Parker decided to simply help the President subdue Booth instead of shooting into the midst of them, so he tried to grab one of the actor’s legs.  As he did so, a powerful kick from Booth’s opposite foot caught him in the forehead, knocking him out cold.  He crumbled to the floor unconscious. 
But Booth had thrown himself off balance by lashing out with his foot, and a veteran “rassler” like Lincoln knew how to take advantage of that.  Booth’s pistol had already fallen out of his hand as they fought, and now Lincoln shifted his grip with that hand to the actor’s collar.  Lifting and twisting, he raised the shorter form of Booth clear of the ground and flung him out and away from the Presidential box – into the air above the screaming crowd.  Lincoln just had time to register the hate in Booth’s eyes turning to shock and then to fear as his body tumbled into the empty air.  The actor threw out one hand, trying to catch the edge of the box.  Instead, his fingers wrapped around the red, white, and blue bunting adorning the box, and he pulled it after him like a streamer as he plunged downward to the stage.  He struck headfirst, and his neck snapped with a sickening crunch.  His arms and legs were still twitching as the bunting slowly settled over his dying form. 

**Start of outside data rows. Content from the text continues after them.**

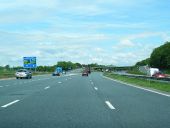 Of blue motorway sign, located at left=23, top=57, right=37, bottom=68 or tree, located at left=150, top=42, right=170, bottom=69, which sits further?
tree, located at left=150, top=42, right=170, bottom=69

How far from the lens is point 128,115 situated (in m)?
12.8

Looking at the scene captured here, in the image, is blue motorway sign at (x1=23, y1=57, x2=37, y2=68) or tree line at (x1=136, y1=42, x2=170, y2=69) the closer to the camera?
blue motorway sign at (x1=23, y1=57, x2=37, y2=68)

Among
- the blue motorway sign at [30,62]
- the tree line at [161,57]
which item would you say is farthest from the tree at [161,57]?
the blue motorway sign at [30,62]

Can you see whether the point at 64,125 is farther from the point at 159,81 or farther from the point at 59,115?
the point at 159,81

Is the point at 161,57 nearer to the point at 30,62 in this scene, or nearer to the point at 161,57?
the point at 161,57

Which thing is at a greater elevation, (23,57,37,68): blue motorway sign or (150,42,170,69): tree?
(150,42,170,69): tree

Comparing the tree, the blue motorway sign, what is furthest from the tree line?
the blue motorway sign

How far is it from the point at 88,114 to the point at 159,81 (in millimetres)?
23844

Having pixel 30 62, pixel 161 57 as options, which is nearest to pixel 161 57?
pixel 161 57

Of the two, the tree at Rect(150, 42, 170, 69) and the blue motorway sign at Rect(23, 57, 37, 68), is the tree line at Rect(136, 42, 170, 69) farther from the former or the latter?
the blue motorway sign at Rect(23, 57, 37, 68)

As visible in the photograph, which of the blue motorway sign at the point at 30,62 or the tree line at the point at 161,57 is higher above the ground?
the tree line at the point at 161,57

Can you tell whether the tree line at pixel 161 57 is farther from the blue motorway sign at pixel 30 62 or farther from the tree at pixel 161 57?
the blue motorway sign at pixel 30 62

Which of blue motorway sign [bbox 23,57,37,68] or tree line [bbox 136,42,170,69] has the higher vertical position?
tree line [bbox 136,42,170,69]

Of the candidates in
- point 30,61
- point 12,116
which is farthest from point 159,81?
point 30,61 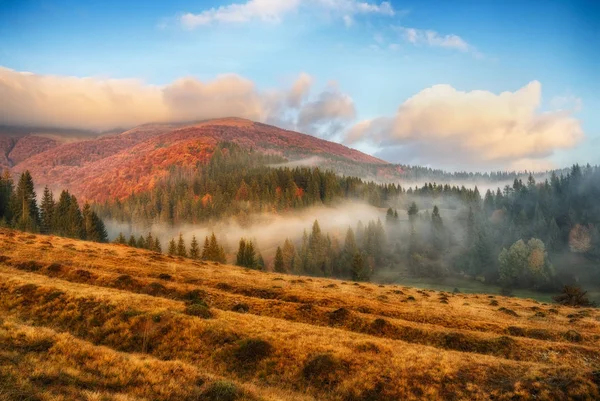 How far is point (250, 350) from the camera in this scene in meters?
19.6

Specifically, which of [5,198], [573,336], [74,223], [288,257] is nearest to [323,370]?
[573,336]

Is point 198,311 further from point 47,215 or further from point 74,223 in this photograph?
point 47,215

The audience’s screams were slowly displaced by a buzz of wonder and excitement.  Someone had tried to shoot the President, and Lincoln had killed the man with his bare hands!  One by one, eyes glanced back and forth from the crumpled form on the stage to the tall man standing in the Presidential box.  Lincoln raised his hand to his ear and it came away bloody, so he reached into his pocket and pulled out a handkerchief, holding it to the side of his head.  He waved one hand at the audience to show that he was all right, and all of Ford’s theater erupted in applause.  Mary Todd Lincoln, who had been standing virtually paralyzed with fear and shock, suddenly came to herself and embraced her husband, heedless of the hundreds who were watching.  The applause redoubled until the rafters of the theater vibrated. 

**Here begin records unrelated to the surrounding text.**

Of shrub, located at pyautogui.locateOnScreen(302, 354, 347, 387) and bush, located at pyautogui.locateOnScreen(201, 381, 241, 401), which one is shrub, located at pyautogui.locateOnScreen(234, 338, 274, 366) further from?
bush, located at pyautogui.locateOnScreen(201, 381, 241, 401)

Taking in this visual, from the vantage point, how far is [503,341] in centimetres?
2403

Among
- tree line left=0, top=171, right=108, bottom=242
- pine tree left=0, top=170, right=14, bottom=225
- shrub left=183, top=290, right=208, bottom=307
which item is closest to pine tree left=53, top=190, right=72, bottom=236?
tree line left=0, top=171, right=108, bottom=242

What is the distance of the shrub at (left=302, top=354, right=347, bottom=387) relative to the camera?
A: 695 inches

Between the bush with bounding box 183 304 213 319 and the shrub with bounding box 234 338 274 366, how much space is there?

The next morning Lincoln came to work in the Executive Office as he would have any other day, only the white bandage covering his ear betraying the night’s adventure.  Reports were still coming in – Booth had been part of a larger conspiracy, and although two of his men had missed their targets, Secretary Seward had been stabbed to death in his bed by a deranged veteran named Lewis Payne (or Powell, depending on who you asked).  Several of Seward’s family members and an attending nurse had also been slashed or stabbed before the man was subdued.  Another assassin had been told to kill Vice President Johnson, but Johnson was at a party surrounded by people, and the man had given up.  There were rumors of another assassin stalking General Grant, but he had not yet been apprehended.  Officer Parker, whose warning had saved the President, had been knocked senseless by the blow to the head and was still in bed, although he had regained consciousness that morning.  The press was hailing him as a hero. 
The Vice President was ushered into Lincoln’s office, and as he surveyed the man, Lincoln heaved a sigh of relief that Booth had failed in his mission.  Andy Johnson was a decent fellow, and would make an excellent goodwill ambassador to the South once the last of the fighting ended, but – President Andrew Johnson?  Lincoln shuddered at the thought. 
The former Tennessee Democrat smiled at his chief. 
“I heard you had a close call at the theater,” he said laconically. 
“Indeed,” Lincoln said.  “If not for Officer Parker, I would have gone the way of all flesh!” 
“Well, I’m glad that wasn’t the case,” Johnson said with a long sigh.  “Can you imagine me trying to put this fractured Union together again?  I would have no clue how to proceed!”